What to do | Each line of data below is to be returned exactly, leaving out any picture.

Top of Material provided

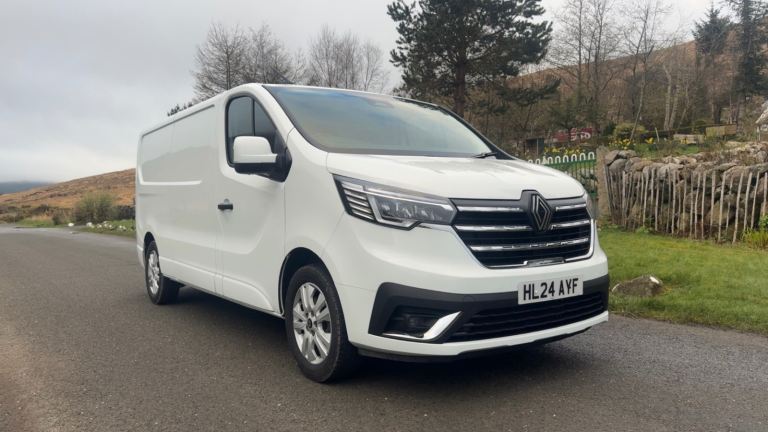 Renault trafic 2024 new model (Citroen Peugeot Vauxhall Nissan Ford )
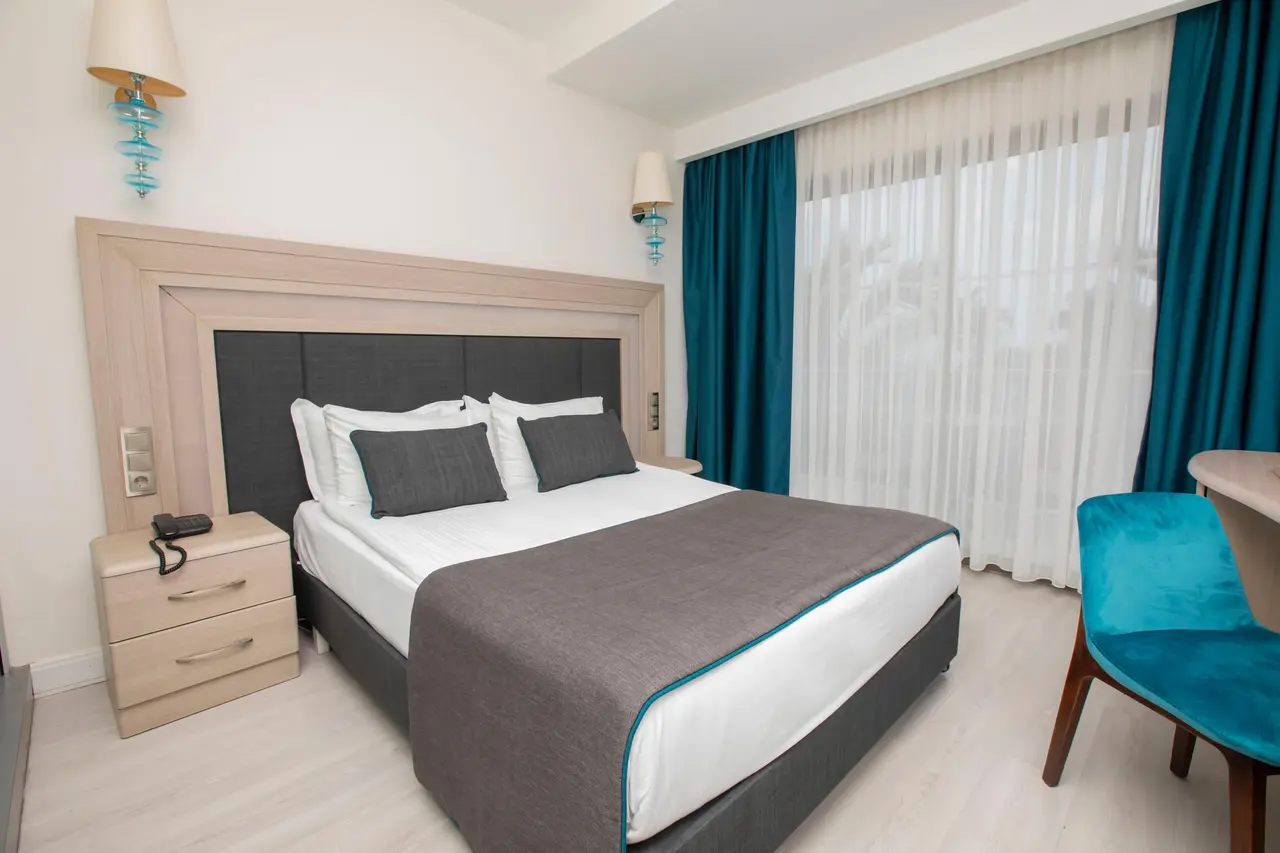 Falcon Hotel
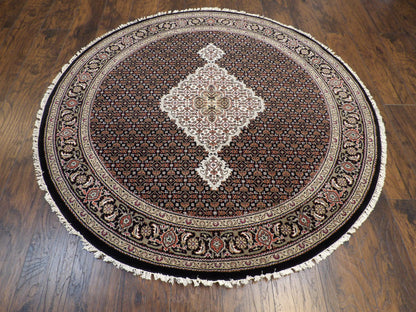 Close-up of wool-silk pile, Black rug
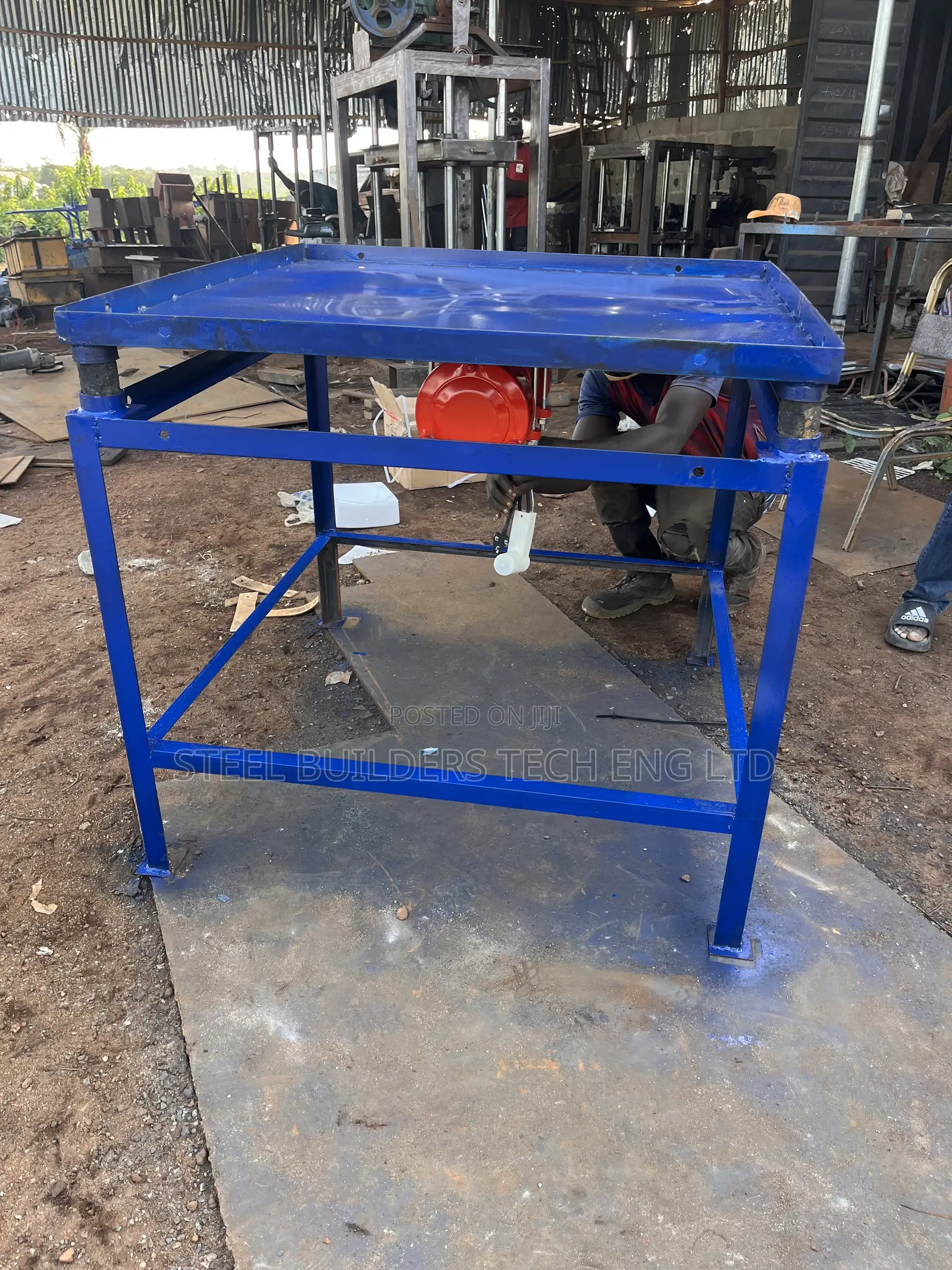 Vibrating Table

Bottom of Material provided

Exercise output |
 Renault trafic 2024 new model (Citroen Peugeot Vauxhall Nissan Ford )
 Falcon Hotel
 Close-up of wool-silk pile, Black rug
 Vibrating Table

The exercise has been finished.